**WHAT THE TASK ASKS:** Each line from the one containing "Thumbnail 2 in" through the last line of the data below should be printed exactly, please, with any pictures omitted.

**INPUT MATERIAL:**
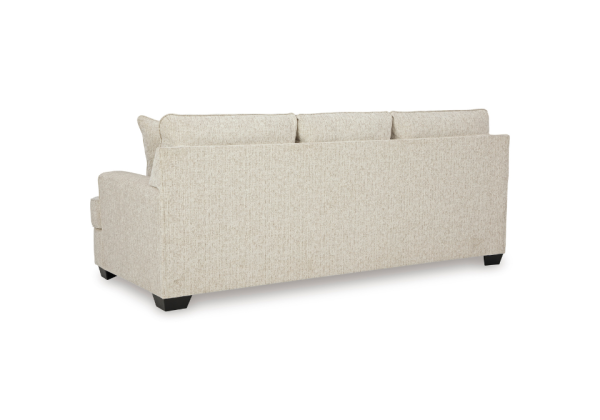 Heartcort Sofa - Image 4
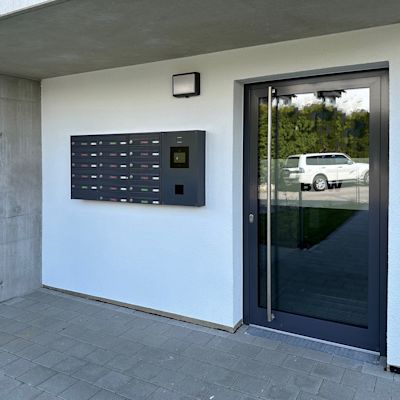 IMG Winnenden 31 small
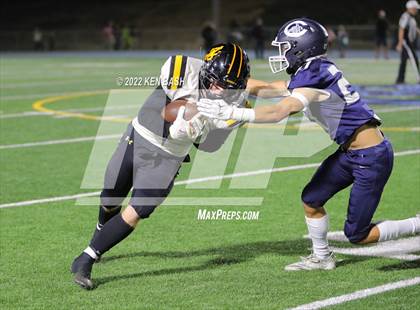 Thumbnail 2 in Newbury Park @ Camarillo photogallery.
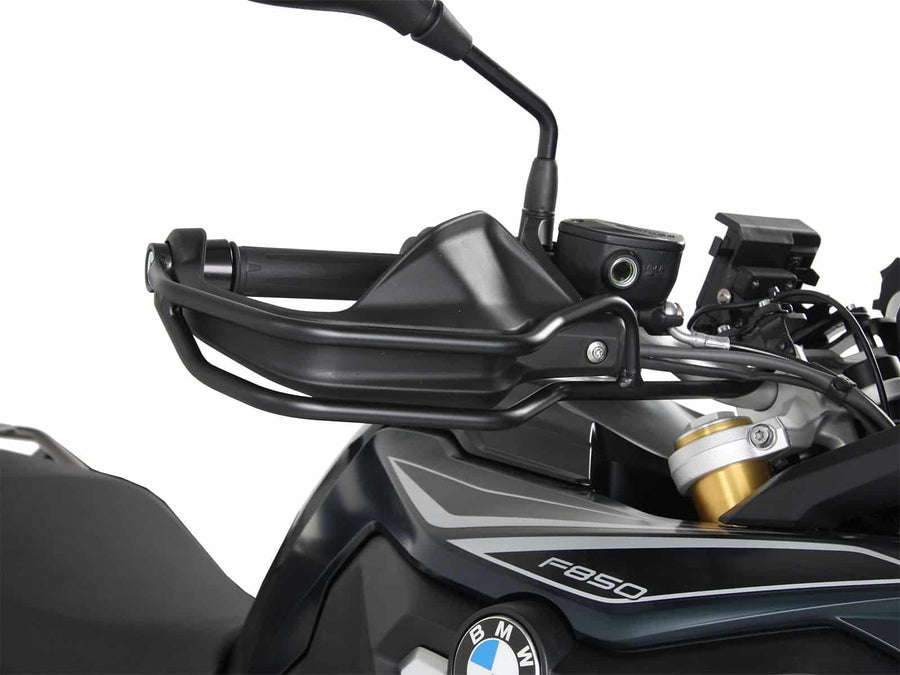 BMW F 850 ​​GS [2018-2023] - handle protection (left + right)
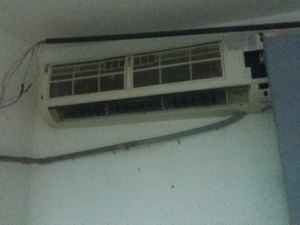 Sesau contraria Conselho de Saúde sobre situação do projeto elétrico do HGE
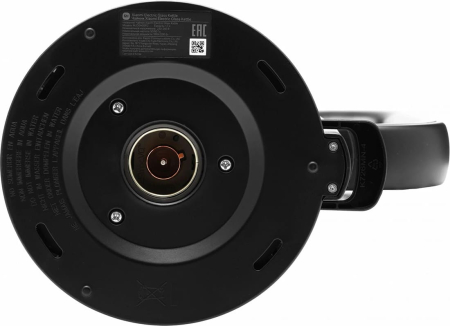 Чайник Xiaomi Electric Glass Kettle 1.7л (MJDSH05FD) Серый Чайник Xiaomi Electric Glass Kettle 1.7л (MJDSH05FD) Серый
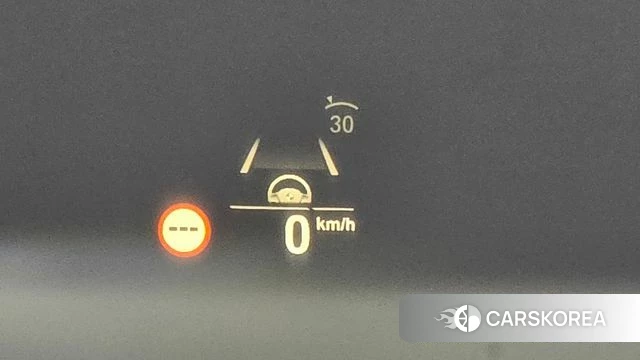 BMW X6 (G06) id 3860151 из Кореи 10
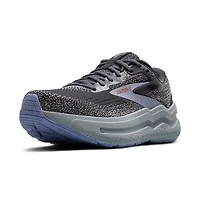 Brooks Women's Ghost Max 2 Running Shoes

**TASK OUTPUT:**
 Thumbnail 2 in Newbury Park @ Camarillo photogallery.
 BMW F 850 ​​GS [2018-2023] - handle protection (left + right)
 Sesau contraria Conselho de Saúde sobre situação do projeto elétrico do HGE
 Чайник Xiaomi Electric Glass Kettle 1.7л (MJDSH05FD) Серый Чайник Xiaomi Electric Glass Kettle 1.7л (MJDSH05FD) Серый
 BMW X6 (G06) id 3860151 из Кореи 10
 Brooks Women's Ghost Max 2 Running Shoes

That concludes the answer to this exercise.